Yes, I'd viewed my share of disturbing photographs before coming. But let me tell you something very clearly right now: PICTURES DON'T GET IT. Pictures give you little isolated glimpses of a broken-down building here, a muddy hovel there; of one distended belly on one single, unfortunate child. What they don't give you is the panoramic view. It's not like here in the States, where poverty exists mostly in pockets, in distant rural areas or in certain urban neighborhoods that are sandwiched between thicker slices of affluent, or at least comfortably-off, communities. In West Africa, with the exception of a few pockets of ostentatious wealth where rolls of barbed wire top the walls surrounding every home, the poverty is everywhere, with no relief in sight. For first-time visitors, it can feel like an unbroken flow of images specifically designed to break your heart into tiny, unrecoverable pieces. I was swamped with a depth of pity that I was afraid would drown me and render me unable to do what I had come to do.
But these first reflections were quickly followed by a sense of shame. How could I be worried about how I was feeling when I only had to look at the poverty? These people had to live it! How self-absorbed could I possibly be? But the bottom line is this: If you have a heart, seeing for the first time how the people of West Africa live is going to make it ache for them.
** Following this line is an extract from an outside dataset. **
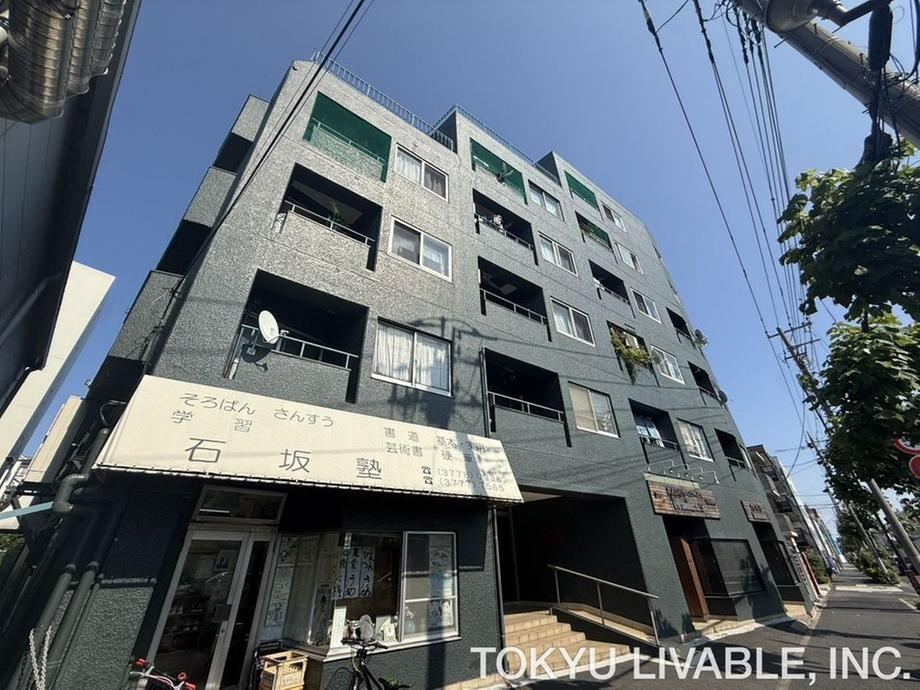 2LDK apartment in Ota Ward, Tokyo - Photo 1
The good news is that these early sensations and impressions tend to pass very quickly. Even on that first day, I was aware that, mixed in with the shabbiness and grime and tattered (though wonderfully colorful) clothing was a cheerful bustle and a vivacity of spirit that seemed entirely at odds with the
setting--a setting I would have sworn could produce nothing but abject misery. But the really big revelation came on my fourth day in Somanya when I was walking down that same main street that had so horrified me when we first drove into town, and I realized that a part of my brain was thinking, "This is the most charming place I've ever been."
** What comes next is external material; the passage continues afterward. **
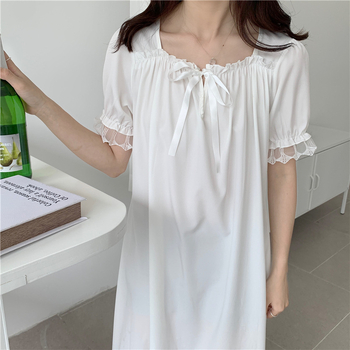 Milk Silk pizsama ruha karikatúra mintával, rövid ujjú, négyzetes nyakvonal, hosszú ruha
WHAT? As the thought arose, I did a physical double-take, looking carefully around me. Had something changed? No, it was the same little pot-holed street, lined on both sides with open sewers and the drab, tumbledown shacks that serve as shops.
Well then, what?
The answer, of course, was that my perspective had shifted. And the answer to the question of why this had happened wasn't long in coming. Having spent those few days around the people of Somanya, and having experienced the cheerfulness--even joyfulness--with which they approach life, my view of the town had done a thorough one-eighty. Gone was my assumption of widespread misery, and with it the pity I had felt for
these people. And gone was my dismay at the town's slapped-together dreariness. Now I saw Somanya as glowing brightly in the sunshine, admirable in its prac-ticality, endearing in its simplicity, and vivid with colorfully-garbed people who formed an ever-shifting kaleidoscope's view as they made their
way to market. The town had become a lively place for me, a place of friendliness and good cheer; a place where each day is lived fully, with great enjoyment, and at a pace that allows for an appreciation of life's many small pleasures.
In that moment, I was aware that I had received a great gift: My impaired vision had been healed, almost overnight. Later, I would make adjustments here and there to my new perspective on life in Kroboland. But for now, there was one thing I knew with great certainty. I had come home.